_Action item:_
Start to finish, print the entries exactly, and carry none of the pictures over.

Captioned web image data:
◇ ◇ ◇ ◇

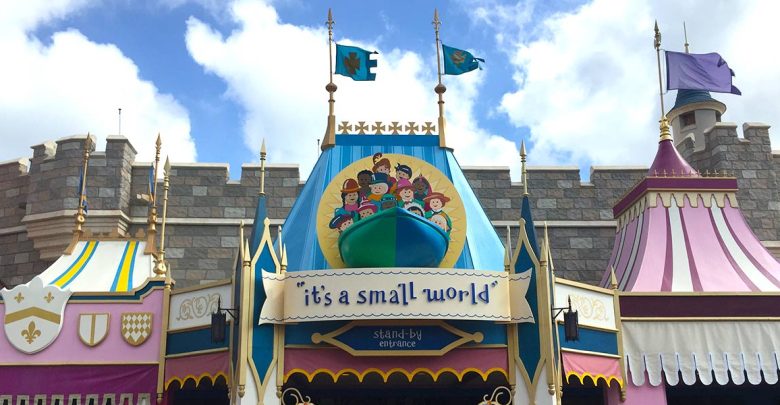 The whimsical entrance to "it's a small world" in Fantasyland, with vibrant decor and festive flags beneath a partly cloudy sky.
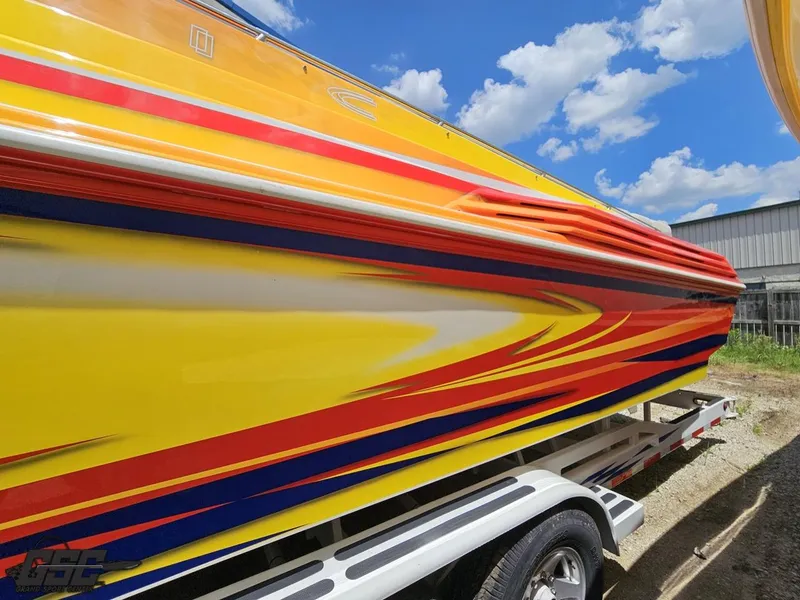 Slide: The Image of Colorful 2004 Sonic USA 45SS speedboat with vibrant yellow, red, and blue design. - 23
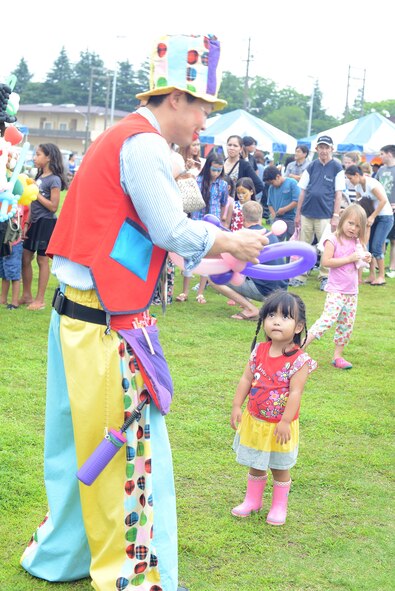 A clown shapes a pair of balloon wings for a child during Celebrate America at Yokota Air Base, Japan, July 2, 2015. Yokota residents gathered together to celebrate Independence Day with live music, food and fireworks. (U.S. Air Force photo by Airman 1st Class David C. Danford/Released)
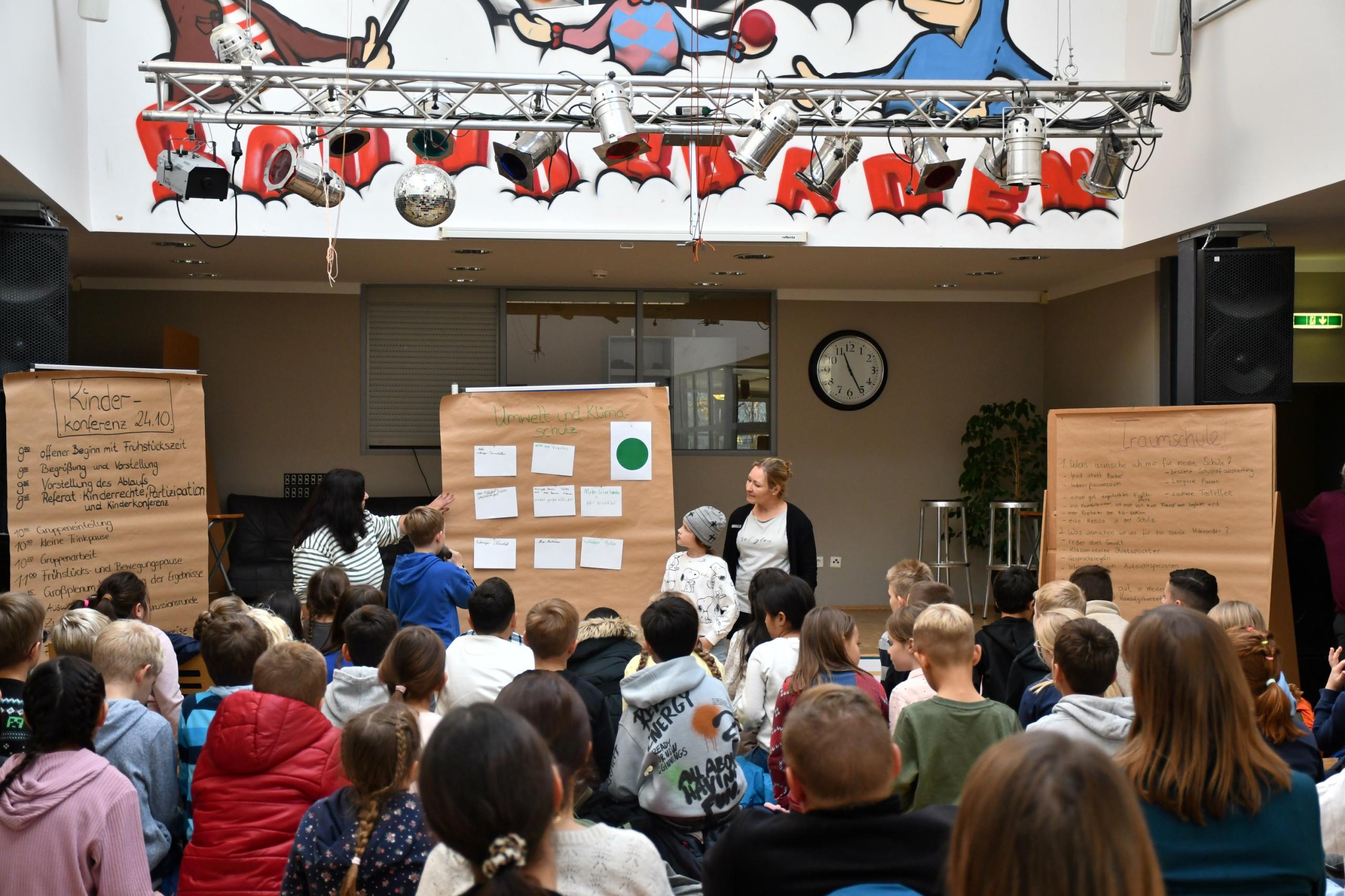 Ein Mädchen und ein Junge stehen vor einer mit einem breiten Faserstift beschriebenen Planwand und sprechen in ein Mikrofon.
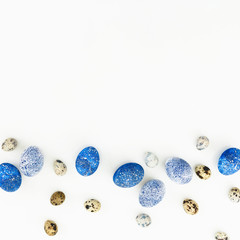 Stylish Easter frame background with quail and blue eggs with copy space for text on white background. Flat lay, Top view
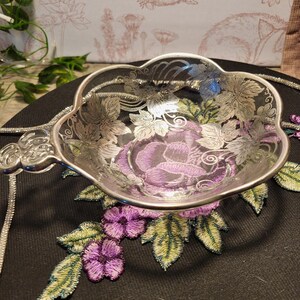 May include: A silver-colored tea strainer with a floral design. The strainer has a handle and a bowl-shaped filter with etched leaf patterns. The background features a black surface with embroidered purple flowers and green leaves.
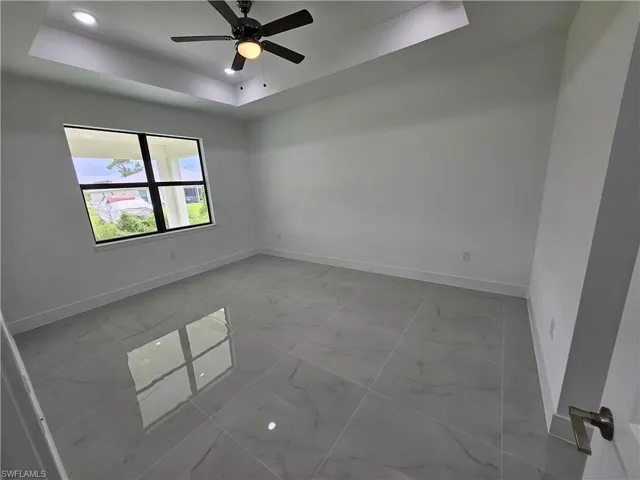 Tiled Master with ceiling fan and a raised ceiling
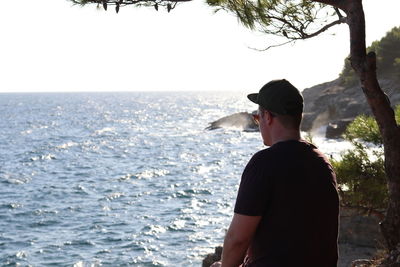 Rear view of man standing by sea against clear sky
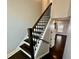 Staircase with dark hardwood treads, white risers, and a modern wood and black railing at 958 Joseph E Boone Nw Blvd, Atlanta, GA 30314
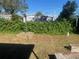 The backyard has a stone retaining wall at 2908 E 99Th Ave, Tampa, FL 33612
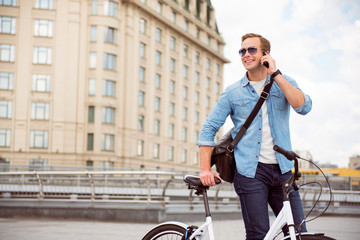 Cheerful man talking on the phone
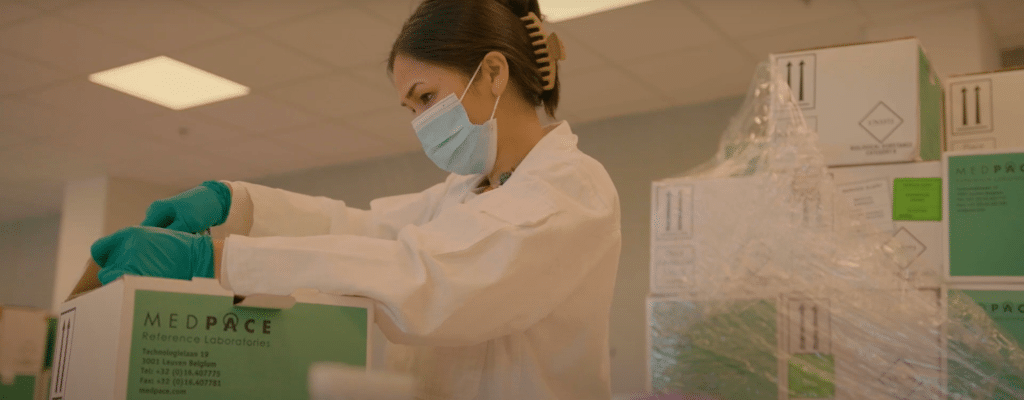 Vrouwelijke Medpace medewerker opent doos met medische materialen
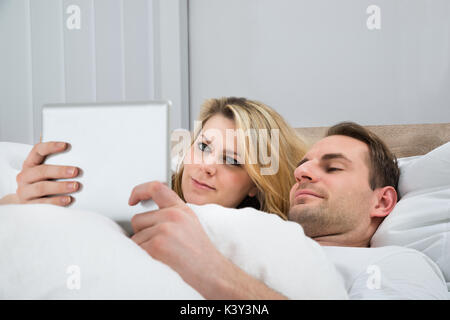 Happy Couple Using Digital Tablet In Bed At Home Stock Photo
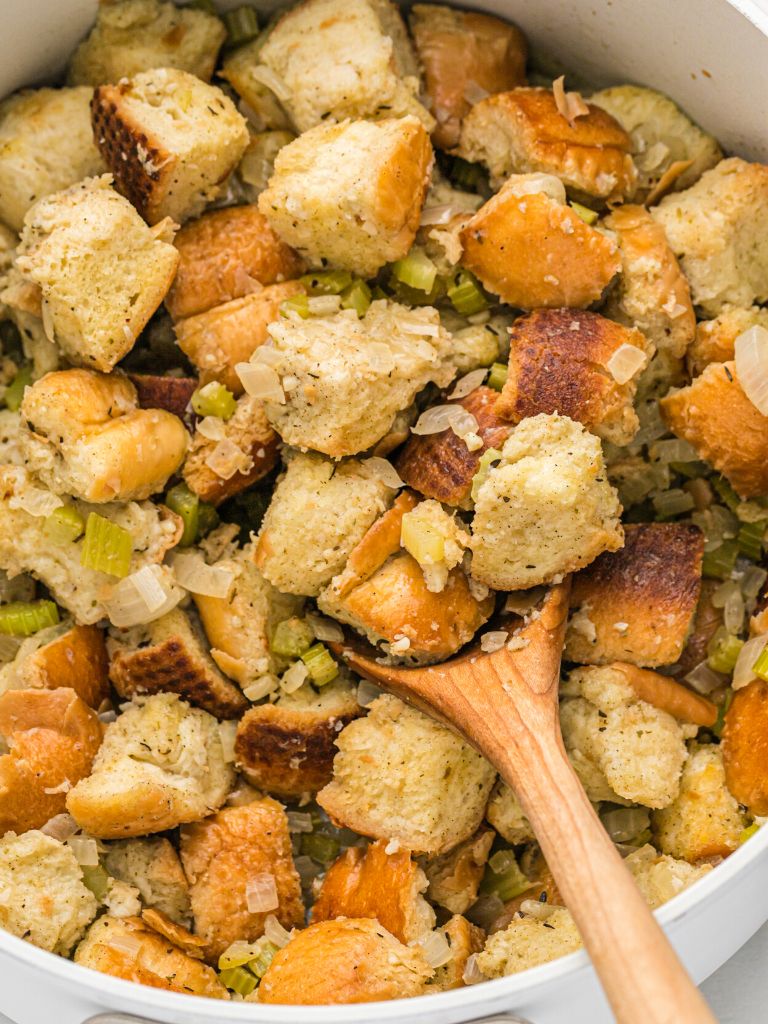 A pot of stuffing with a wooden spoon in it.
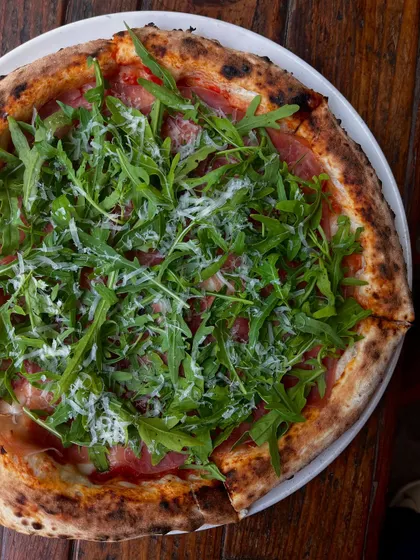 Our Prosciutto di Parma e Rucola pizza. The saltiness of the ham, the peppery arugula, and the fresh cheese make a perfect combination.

◇ ◇ ◇ ◇

_Solved exercise:_
 The whimsical entrance to "it's a small world" in Fantasyland, with vibrant decor and festive flags beneath a partly cloudy sky.
 Slide: The Image of Colorful 2004 Sonic USA 45SS speedboat with vibrant yellow, red, and blue design. - 23
 A clown shapes a pair of balloon wings for a child during Celebrate America at Yokota Air Base, Japan, July 2, 2015. Yokota residents gathered together to celebrate Independence Day with live music, food and fireworks. (U.S. Air Force photo by Airman 1st Class David C. Danford/Released)
 Ein Mädchen und ein Junge stehen vor einer mit einem breiten Faserstift beschriebenen Planwand und sprechen in ein Mikrofon.
 Stylish Easter frame background with quail and blue eggs with copy space for text on white background. Flat lay, Top view
 May include: A silver-colored tea strainer with a floral design. The strainer has a handle and a bowl-shaped filter with etched leaf patterns. The background features a black surface with embroidered purple flowers and green leaves.
 Tiled Master with ceiling fan and a raised ceiling
 Rear view of man standing by sea against clear sky
 Staircase with dark hardwood treads, white risers, and a modern wood and black railing at 958 Joseph E Boone Nw Blvd, Atlanta, GA 30314
 The backyard has a stone retaining wall at 2908 E 99Th Ave, Tampa, FL 33612
 Cheerful man talking on the phone
 Vrouwelijke Medpace medewerker opent doos met medische materialen
 Happy Couple Using Digital Tablet In Bed At Home Stock Photo
 A pot of stuffing with a wooden spoon in it.
 Our Prosciutto di Parma e Rucola pizza. The saltiness of the ham, the peppery arugula, and the fresh cheese make a perfect combination.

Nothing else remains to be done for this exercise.